Tasmanian retail sales slumped by 2.4 per cent in October, the weakest result among the eight states and territories.
That is according to seasonally adjusted figures from the Australian Bureau of Statistics, which estimated national retail turnover increased by 4.9 per cent.
That was helped by surges in New South Wales and the ACT as Sydney and Canberra coronavirus lockdowns ended.
Victoria had 3 per cent sales growth and would be likely to get much more this month with Melbourne's lockdown over.
It remains to be seen what Tasmania's border reopening from December 15 will mean for retail sales in the state.
UTAS senior lecturer in marketing and retail researcher Louise Grimmer expected the reopening would give retail a significant boost.
"As long as the border opening doesn't lead to lockdowns, I predict Tassie retail will do really well once the borders open and we welcome visitors from interstate who will bring welcome spending with local retailers, services, hospitality and accommodation," Dr Grimmer said.
"Particularly so with retail in the lead-up to Christmas."
Dr Grimmer suggested Tasmania's weaker October sales might have been "a blip".
"This is interesting, because, throughout COVID, Tasmanian retail has performed well," she said.
"This might be attributed to a bit of a blip with Tasmanians saving up for Christmas shopping and the Black Friday sales.
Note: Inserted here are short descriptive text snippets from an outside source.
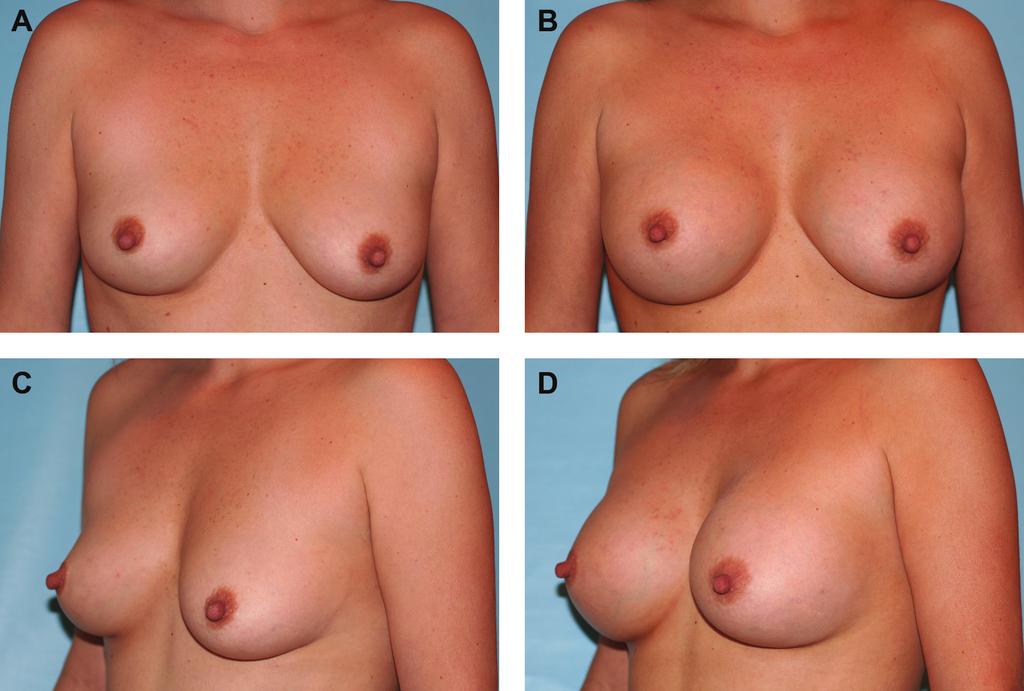 866 Aesthetic Surgery Journal 32(7) Figure 5. (A, C) This 31-year-old woman presented for restoration of breast volume following delivery and nursing of 2 children.
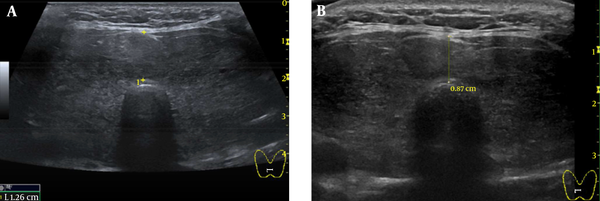 A, Ultrasonography of the Thyroid Revealed a Diffusely Enlarged Thyroid Gland to Approximately 61 mL (3.4 × 2.4 × 6.8 cm, Width × Depth × Length, 1.26 cm, Isthmus Thickness) Without Definite Evidence of Nodular Lesions; B, Ten Weeks After RAI Therapy, a Follow-Up Ultrasonography of the Thyroid Showed a Decreased Size of Diffuse Goiter Compared to Initial Ultrasonography (36 mL Volume of Both Thyroid Gland, 2.8 × 2.0 × 6.1 cm, Width × Depth × Length, 0.87 cm, Isthmus Thickness).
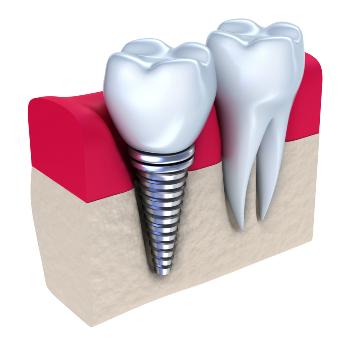 Выбор материала для зубного имплантата8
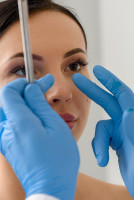 Rhinoplasty in Riyadh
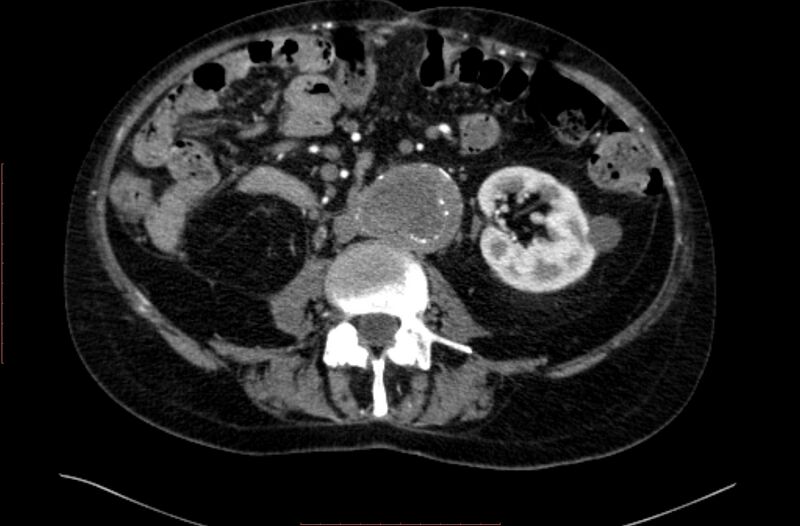 File:Abdominal aortic interposition tube graft and aneurysm thrombosis (Radiopaedia 71438-81857 Axial C+ arterial phase 87).jpg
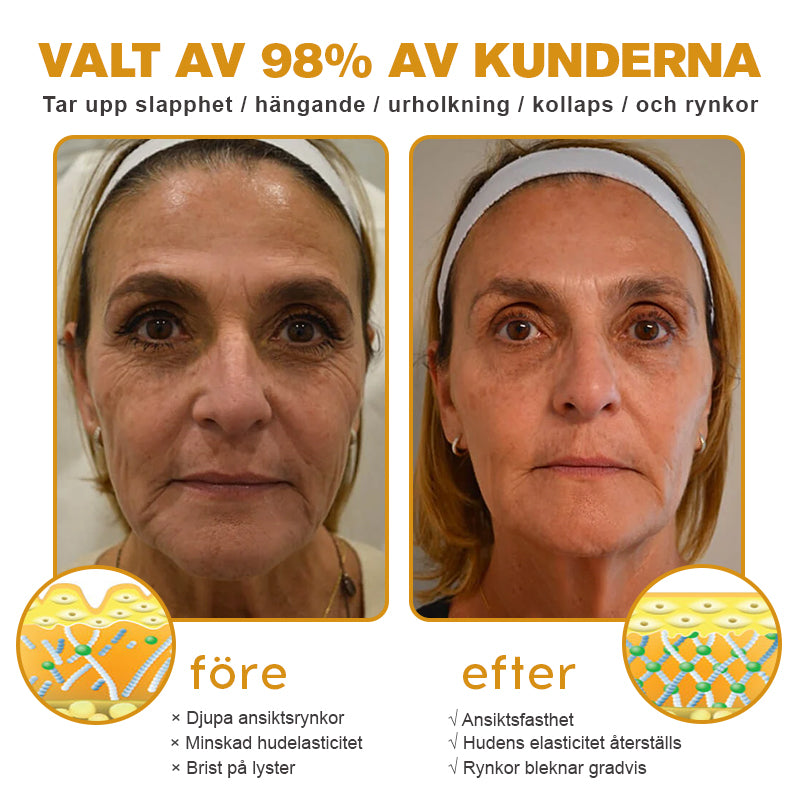 🐬💎Tillverkad och skickad från Sverige✅Furzero™ Botox Bee Venom Wrinkle Removal Cream - Sista Dagen-kampanj 70 % RABATT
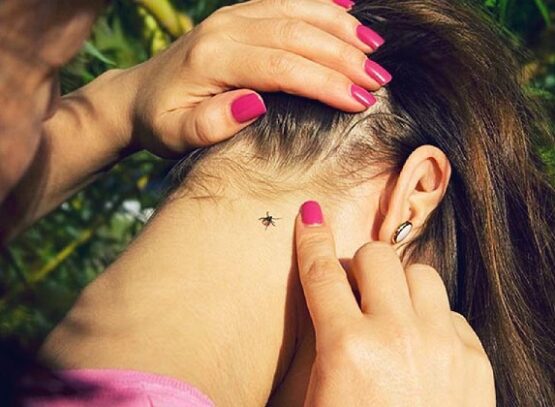 does vinegar kill ticks a woman with a tick on the skin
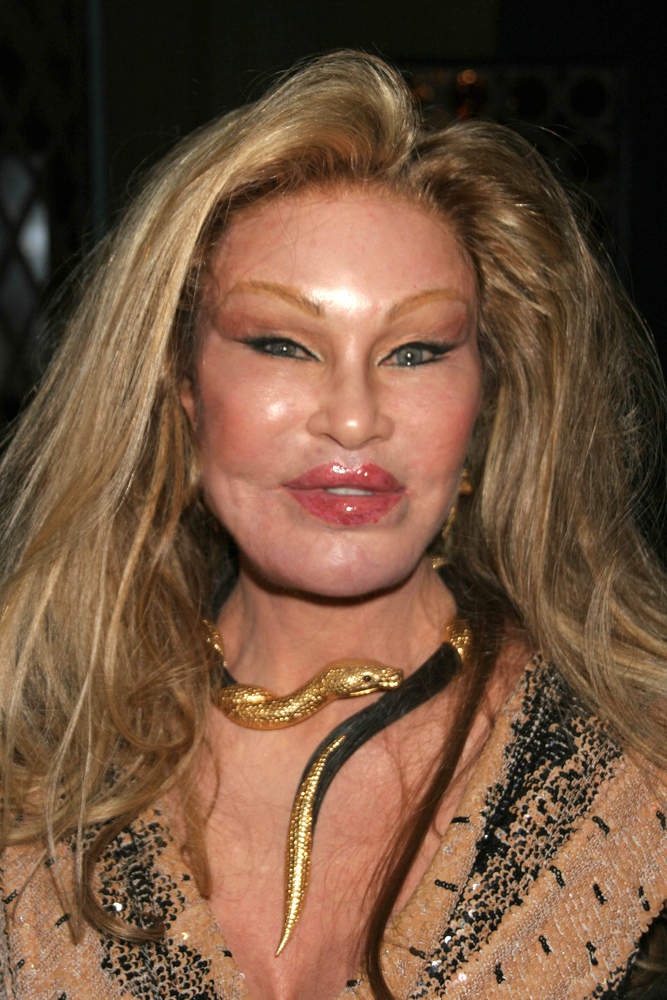 JocelynWildenstein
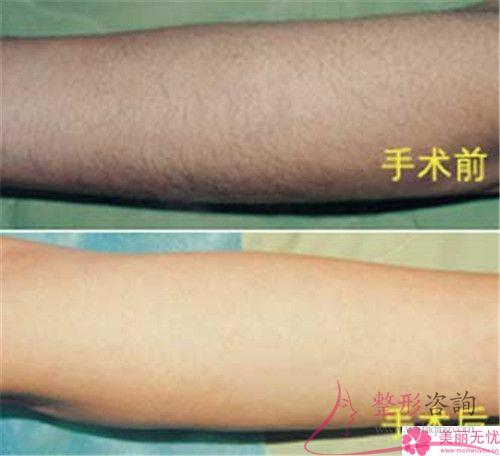 女生小胡子<a href=http://m.f3bb6.cn/listinfo-670-0.html target=_blank class=infotextkey>脫毛</a>選冰點有哪些優點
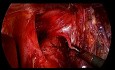 Laparoskopowa gastrektomia D2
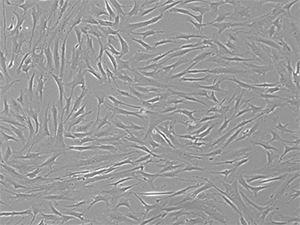 P4 bone-marrow mesenchymal stem cells grown in media containing 10% FBS P4 bone-marrow mesenchymal stem cells grown in media containing 10% FBS
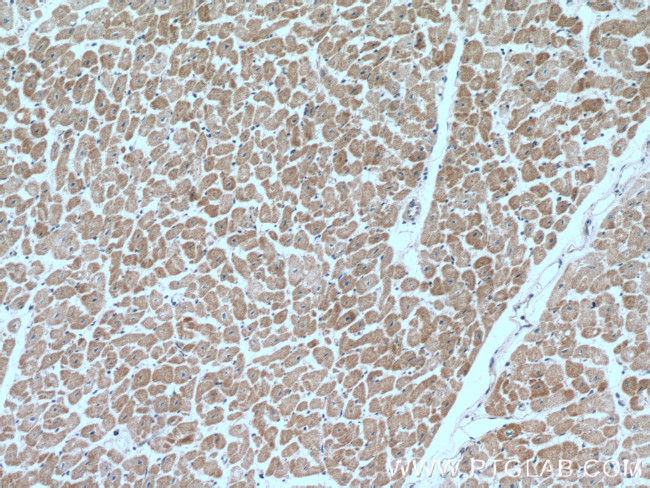 CUL4A Antibody in Immunohistochemistry (Paraffin) (IHC (P))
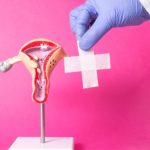 ISEIE-Master en estudios para Endometriosis, Maestría en Endometriosis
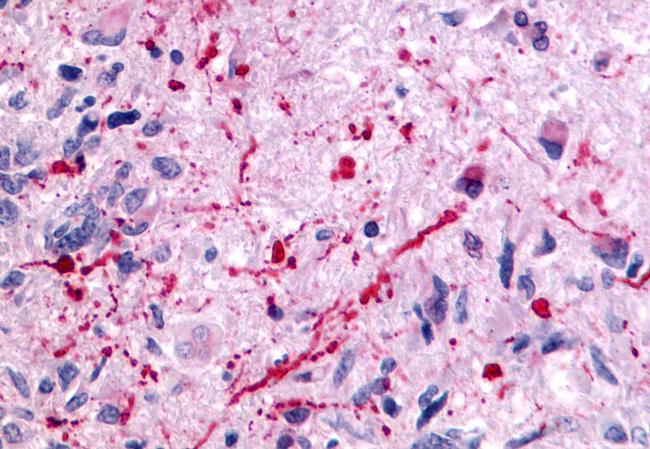 mGluR5 Antibody in Immunohistochemistry (Paraffin) (IHC (P))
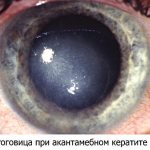 Corneal keratitis - symptoms (signs)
"I'd expect when we have the November sales data we will see this corrected.
"It may also be that many Tasmanian consumers are saving up money for the border reopening and looking to redirect retail spend on travel instead.
"We've certainly been very lucky here in Tasmania, where our day to day lives have not been significantly disrupted by COVID and, particularly, with regard to our ability to be able to shop freely in stores."
Dr Grimmer said it was important that the public tried to support retail workers.
"There have been some terrible stories in the media this week about abuse directed at retail employees on the mainland," she said.
"We certainly don't want to see that sort of behaviour here.
"Pleasingly, we continue to see Tasmanians shopping in bricks and mortar stores and we're certainly seeing a rise in click and collect, with customers keen to shop online for some items but still wanting to pick them up in physical stores, and this is, of course, great for retailers because research shows that around 50 per cent of customers coming into a store to pick up items purchased online will make an impulse purchase."
Nationally in October, sales of clothing, footwear and personal accessories rocketed up by 27.7 per cent, department store sales gained 22.4 per cent and cafes, restaurants and takeaway food services increased sales by 12.3 per cent.
Tasmanian retail sales have been on an upward trend since the start of the year.
They crashed in the second quarter of 2020 as the pandemic and associated movement restrictions crunched the state economy, before recovering strongly.